基金supported by Chinese National Science & Technology Major Special Project on Major New Drug Innovation(Nos.2008ZXJ09006001 and 2015ZX09J15104)National Natural Science Foundation of China(No.81130067)
文摘Ferulic acid(FA) is an active component of herbal medicines. One of the best documented activities of FA is its antioxidant property. Moreover, FA exerts antiallergic, anti-inflammatory, and hepatoprotective effects. However, the metabolic pathways of FA in humans remain unclear. To identify whether human CYP or UGT enzymes are involved in the metabolism of FA, reaction phenotyping of FA was conducted using major CYP-selective chemical inhibitors together with individual CYP and UGT Supersomes. The CYPand/or UGT-mediated metabolism kinetics were examined simultaneously or individually.
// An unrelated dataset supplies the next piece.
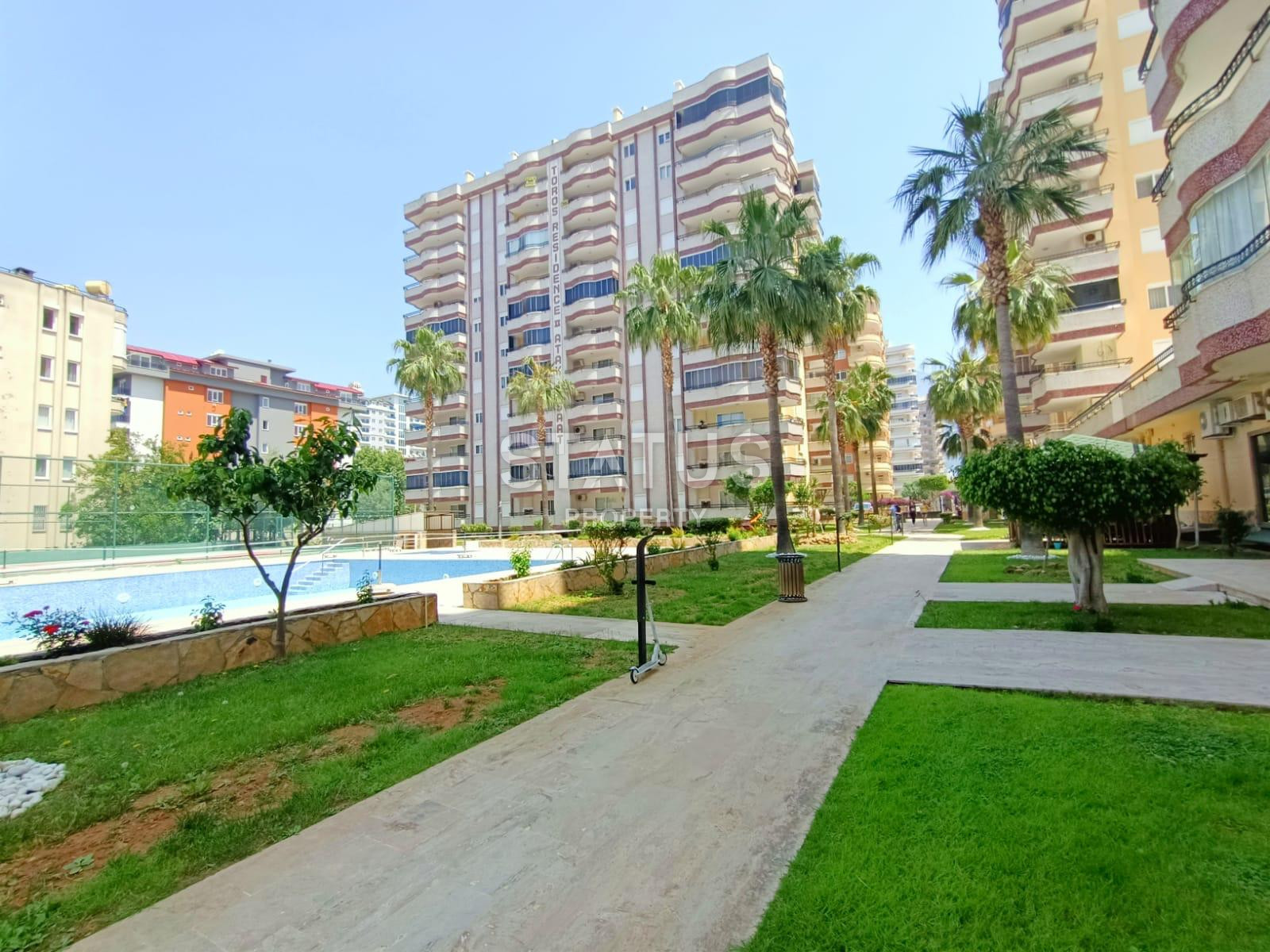 Большая четырехкомнатная квартира в Махмутларе в комплексе, 250 метров до моря фото 5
Relative activity factor and total normalized rate approaches were used to assess the relative contributions of each major human CYPs towards the FA metabolism. Incubations of FA with human liver microsomes(HLM) displayed NADPH-and UDPGA-dependent metabolism with multiple CYP and UGT isoforms involved. CYPs and UGTs contributed equally to the metabolism of FA in HLM. Although CYP1 A2 and CYP3 A4 appeared to be the major contributors in the CYP-mediated clearance, their contributions to the overall clearance are still minor(< 25%). As a constitute of many food and herbs, FA poses low drug-drug interaction risk when co-administrated with other herbs or conventional medicines because multiple phase I and phase II enzymes are involved in its metabolism.